# (Resolved) Nero Express Out of Memory



## RPhox (Apr 21, 2001)

I just bought an LG 52x24x52 burner which came with Nero Express and installed both with no probs. (Replacing an old Toshiba Combo). I even burned a disc of MP3 with no problems.

But every subsequent effort failed at the point where I tried to "Add" a file for burning. As soon as I highlight the desired file and click on the Add button, I get an "Out of Memory" Error and the program hangs!!!!

I don't know if it is a Windows error, Nero error or hardware.

Any and all suggestions are appreciated

RFox
Pentium III
256 RAM
Windows XP Pro


----------



## eddie5659 (Mar 19, 2001)

Hiya

Do you get this error message:

Not enough memory to copy this CD. The available space is x MB. It needs y MB.

If so, do you have Norton Unerase on your pc? If you do, disable it when burning.

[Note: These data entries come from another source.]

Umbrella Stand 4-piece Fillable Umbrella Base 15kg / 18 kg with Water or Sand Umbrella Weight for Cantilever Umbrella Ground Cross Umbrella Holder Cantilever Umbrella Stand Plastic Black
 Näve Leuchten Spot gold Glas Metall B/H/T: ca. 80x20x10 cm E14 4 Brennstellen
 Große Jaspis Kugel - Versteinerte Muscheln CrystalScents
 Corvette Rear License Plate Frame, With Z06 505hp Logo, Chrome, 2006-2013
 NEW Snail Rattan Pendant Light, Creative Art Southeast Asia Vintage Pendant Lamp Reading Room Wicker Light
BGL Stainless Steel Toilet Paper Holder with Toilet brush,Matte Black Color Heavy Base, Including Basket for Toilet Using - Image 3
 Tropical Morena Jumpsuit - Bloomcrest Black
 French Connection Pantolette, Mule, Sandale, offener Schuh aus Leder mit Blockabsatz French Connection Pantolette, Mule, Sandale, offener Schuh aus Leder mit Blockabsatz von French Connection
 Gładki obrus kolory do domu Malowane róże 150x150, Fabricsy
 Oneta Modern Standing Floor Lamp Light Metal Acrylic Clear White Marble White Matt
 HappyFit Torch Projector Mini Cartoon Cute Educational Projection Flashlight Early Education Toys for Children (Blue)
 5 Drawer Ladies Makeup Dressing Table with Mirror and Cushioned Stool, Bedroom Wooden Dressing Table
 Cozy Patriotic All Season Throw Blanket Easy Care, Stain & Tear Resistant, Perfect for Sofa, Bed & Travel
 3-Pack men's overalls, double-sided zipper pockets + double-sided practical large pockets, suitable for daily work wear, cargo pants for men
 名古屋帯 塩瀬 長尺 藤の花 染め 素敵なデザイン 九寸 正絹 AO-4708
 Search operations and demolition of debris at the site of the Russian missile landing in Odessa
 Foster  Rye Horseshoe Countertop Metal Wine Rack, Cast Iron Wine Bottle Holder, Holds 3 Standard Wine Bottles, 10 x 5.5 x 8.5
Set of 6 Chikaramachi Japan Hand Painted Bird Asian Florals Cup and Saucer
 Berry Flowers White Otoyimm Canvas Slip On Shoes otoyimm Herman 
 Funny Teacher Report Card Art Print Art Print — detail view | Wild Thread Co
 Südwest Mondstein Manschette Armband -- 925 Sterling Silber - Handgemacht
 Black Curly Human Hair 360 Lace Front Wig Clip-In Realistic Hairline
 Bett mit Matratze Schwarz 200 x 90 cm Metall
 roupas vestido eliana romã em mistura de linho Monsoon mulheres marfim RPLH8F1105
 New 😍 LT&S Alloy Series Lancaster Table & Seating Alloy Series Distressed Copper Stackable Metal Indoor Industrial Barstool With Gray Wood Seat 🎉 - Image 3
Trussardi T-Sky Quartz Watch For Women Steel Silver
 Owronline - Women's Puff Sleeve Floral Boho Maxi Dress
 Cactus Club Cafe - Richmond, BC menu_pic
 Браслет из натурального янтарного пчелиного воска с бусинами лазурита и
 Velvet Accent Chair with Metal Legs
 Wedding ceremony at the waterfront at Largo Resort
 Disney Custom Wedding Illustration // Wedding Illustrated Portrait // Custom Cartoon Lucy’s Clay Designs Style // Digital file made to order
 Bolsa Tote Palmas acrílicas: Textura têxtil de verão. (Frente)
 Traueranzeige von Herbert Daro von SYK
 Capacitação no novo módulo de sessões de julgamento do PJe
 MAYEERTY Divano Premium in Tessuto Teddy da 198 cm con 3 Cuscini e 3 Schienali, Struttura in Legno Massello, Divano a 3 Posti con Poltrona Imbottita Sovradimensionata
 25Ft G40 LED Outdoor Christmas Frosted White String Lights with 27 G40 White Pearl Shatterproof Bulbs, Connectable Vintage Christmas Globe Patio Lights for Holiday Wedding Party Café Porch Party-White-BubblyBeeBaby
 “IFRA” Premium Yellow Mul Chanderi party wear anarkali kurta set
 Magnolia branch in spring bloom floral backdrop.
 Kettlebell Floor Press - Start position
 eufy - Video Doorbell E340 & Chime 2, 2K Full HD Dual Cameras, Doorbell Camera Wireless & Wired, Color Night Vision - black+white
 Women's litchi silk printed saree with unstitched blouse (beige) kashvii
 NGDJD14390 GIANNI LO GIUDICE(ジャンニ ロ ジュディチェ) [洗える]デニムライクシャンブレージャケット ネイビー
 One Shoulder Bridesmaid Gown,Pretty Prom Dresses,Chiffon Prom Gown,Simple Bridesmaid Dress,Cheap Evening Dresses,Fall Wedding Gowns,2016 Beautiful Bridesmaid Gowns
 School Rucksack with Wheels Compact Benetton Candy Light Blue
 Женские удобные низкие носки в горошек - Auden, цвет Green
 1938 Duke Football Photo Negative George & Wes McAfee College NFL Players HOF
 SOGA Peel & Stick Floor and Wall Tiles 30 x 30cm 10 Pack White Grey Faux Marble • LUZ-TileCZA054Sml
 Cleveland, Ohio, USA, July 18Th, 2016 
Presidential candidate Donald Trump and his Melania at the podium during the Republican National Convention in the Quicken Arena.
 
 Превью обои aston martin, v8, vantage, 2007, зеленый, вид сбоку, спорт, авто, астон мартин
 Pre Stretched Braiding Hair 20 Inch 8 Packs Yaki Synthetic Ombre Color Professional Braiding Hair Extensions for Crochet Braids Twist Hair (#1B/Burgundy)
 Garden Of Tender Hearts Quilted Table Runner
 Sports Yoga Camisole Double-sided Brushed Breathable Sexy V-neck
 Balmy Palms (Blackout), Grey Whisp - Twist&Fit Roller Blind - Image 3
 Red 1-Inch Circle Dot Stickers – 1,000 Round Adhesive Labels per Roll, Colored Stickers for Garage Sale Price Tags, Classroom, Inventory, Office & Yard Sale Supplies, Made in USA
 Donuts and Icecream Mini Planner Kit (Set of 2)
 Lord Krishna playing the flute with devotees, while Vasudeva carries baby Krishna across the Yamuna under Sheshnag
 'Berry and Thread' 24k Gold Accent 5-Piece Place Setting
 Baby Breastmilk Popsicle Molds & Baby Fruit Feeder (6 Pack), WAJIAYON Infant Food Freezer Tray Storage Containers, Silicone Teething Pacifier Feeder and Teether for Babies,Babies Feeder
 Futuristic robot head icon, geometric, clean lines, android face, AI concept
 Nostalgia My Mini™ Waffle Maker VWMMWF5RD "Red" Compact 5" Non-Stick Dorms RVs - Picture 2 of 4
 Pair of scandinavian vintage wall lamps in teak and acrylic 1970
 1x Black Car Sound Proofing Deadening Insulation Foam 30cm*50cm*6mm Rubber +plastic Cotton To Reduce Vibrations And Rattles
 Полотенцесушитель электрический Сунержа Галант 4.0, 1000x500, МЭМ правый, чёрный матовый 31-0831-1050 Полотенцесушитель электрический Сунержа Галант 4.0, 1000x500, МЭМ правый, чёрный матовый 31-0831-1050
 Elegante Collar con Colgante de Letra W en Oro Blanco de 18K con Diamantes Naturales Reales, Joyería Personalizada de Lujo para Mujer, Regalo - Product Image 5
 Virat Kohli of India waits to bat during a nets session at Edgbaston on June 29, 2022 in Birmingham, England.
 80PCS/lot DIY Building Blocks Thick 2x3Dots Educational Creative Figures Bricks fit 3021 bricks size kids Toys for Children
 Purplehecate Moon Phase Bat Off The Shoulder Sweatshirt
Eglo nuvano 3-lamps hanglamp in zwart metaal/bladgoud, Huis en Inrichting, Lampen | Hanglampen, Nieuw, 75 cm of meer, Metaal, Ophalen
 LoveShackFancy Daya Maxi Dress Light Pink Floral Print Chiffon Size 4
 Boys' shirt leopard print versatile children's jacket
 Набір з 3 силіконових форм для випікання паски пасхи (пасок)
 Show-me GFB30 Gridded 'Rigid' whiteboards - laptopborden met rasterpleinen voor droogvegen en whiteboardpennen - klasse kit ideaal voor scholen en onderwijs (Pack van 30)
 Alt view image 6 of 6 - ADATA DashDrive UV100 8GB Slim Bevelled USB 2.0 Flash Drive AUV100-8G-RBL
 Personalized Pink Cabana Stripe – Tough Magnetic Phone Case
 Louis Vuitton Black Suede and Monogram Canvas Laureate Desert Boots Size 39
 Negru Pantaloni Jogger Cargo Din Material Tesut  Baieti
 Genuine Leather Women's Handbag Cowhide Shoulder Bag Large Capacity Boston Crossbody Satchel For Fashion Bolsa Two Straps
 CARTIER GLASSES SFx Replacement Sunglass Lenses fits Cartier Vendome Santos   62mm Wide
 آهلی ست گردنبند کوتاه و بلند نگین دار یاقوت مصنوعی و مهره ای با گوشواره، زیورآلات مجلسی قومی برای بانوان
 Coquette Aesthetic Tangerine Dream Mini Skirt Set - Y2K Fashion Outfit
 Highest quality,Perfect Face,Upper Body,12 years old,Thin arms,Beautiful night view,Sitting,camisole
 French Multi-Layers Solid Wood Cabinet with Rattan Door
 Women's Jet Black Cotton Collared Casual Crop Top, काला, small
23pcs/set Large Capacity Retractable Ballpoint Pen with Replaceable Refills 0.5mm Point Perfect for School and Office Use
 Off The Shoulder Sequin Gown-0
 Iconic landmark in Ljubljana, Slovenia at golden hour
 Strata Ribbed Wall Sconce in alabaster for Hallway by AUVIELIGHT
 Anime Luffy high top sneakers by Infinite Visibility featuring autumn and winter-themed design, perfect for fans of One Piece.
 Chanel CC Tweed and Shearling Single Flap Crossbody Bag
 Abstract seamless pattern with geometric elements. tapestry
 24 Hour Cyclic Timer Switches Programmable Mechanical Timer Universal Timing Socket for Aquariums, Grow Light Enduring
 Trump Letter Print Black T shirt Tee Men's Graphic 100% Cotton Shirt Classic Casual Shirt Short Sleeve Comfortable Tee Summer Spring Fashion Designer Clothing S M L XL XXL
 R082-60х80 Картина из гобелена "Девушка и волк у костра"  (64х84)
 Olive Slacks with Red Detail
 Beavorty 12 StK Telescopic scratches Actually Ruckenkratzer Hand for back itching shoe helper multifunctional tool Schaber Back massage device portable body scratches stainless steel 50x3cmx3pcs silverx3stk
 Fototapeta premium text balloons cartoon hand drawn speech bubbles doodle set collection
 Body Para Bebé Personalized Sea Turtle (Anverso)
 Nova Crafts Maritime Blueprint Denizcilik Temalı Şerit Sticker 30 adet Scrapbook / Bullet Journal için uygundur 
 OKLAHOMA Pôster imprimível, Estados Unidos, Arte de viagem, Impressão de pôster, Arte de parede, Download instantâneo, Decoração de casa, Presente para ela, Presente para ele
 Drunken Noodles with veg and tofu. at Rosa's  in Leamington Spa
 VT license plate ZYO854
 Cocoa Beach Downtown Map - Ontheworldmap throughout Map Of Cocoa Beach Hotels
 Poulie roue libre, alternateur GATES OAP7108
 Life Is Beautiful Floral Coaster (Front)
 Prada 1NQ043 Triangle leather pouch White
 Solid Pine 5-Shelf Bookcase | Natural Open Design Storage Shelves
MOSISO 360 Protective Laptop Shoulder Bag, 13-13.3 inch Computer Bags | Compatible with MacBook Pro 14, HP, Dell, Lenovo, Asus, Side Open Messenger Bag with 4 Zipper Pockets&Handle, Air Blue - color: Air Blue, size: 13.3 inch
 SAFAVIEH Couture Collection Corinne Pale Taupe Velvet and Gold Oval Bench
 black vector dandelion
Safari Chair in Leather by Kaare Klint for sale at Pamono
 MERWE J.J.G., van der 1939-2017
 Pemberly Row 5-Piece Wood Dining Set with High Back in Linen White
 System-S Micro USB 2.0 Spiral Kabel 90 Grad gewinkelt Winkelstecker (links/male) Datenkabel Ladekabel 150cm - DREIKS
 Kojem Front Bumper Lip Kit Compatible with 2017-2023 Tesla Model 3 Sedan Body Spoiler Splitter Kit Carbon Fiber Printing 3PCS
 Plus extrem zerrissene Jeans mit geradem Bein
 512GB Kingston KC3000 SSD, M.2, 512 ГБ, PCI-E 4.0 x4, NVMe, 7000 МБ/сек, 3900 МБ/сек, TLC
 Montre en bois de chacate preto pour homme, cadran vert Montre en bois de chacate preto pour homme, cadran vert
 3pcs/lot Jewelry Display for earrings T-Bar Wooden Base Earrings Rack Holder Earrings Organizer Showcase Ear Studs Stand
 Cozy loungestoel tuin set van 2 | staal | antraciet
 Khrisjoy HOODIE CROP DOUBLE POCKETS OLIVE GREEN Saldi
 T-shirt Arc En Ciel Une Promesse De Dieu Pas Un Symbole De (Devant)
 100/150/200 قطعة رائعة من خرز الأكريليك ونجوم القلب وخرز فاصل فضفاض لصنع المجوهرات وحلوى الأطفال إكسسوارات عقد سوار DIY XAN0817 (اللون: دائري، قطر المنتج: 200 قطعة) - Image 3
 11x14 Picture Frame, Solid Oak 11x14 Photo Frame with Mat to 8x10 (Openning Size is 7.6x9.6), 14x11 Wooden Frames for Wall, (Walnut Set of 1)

If you don't, lets see what you have running:

Go to Run and type MSINFO32 
On the left choose Software Enviroment, then Startup Programs. Copy/paste the list here. 

Regards

eddie


----------



## RPhox (Apr 21, 2001)

no. I get the simple error "Out of Memory" and it occurs when I am selecting the file that I want to burn. I haven't even started the actual burn process. then Nero hangs and I have to use the task manager to close it.

here's the startup:

ccApp	"c:\program files\common files\symantec shared\ccapp.exe"	All Users	HKLM\SOFTWARE\Microsoft\Windows\CurrentVersion\Run
ccRegVfy	"c:\program files\common files\symantec shared\ccregvfy.exe"	All Users	HKLM\SOFTWARE\Microsoft\Windows\CurrentVersion\Run
ctfmon.exe	c:\windows\system32\ctfmon.exe	RFOX-161I6RKCY5\Main	HKU\S-1-5-21-1343024091-839522115-1708537768-1003\SOFTWARE\Microsoft\Windows\CurrentVersion\Run
desktop	desktop.ini	NT AUTHORITY\SYSTEM	Startup
desktop	desktop.ini	RFOX-161I6RKCY5\Main	Startup
desktop	desktop.ini	.DEFAULT	Startup
desktop	desktop.ini	All Users	Common Startup
EPSON Stylus C42 Series	c:\windows\system32\spool\drivers\w32x86\3\e_s10ic2.exe /p23 "epson stylus c42 series" /o6 "usb001" /m "stylus c42"	All Users	HKLM\SOFTWARE\Microsoft\Windows\CurrentVersion\Run
FreeRAM XP	"c:\documents and settings\main\downloads\freeram xp pro 1.22.exe" -win	RFOX-161I6RKCY5\Main	HKU\S-1-5-21-1343024091-839522115-1708537768-1003\SOFTWARE\Microsoft\Windows\CurrentVersion\Run
Microsoft Office	c:\progra~1\micros~2\office10\osa.exe -b -l	All Users	Common Startup
NeroCheck	c:\windows\system32\\nerocheck.exe	All Users	HKLM\SOFTWARE\Microsoft\Windows\CurrentVersion\Run
Rundll16	c:\windows\rundll16.exe	All Users	HKLM\SOFTWARE\Microsoft\Windows\CurrentVersion\Run
RunWindowsUpdate	c:\windows\uptodate.exe	All Users	HKLM\SOFTWARE\Microsoft\Windows\CurrentVersion\Run


Thanks


----------



## RPhox (Apr 21, 2001)

BTW, I just found this in the Window Error Reporting Section :

4/11/2003 10:02 PM	Application Hang	Hanging application nero.exe, version 5.5.9.9, hang module hungapp, version 0.0.0.0, hang address 0x00000000.&#x000d;&#x000a;


----------



## eddie5659 (Mar 19, 2001)

Okay, lets see...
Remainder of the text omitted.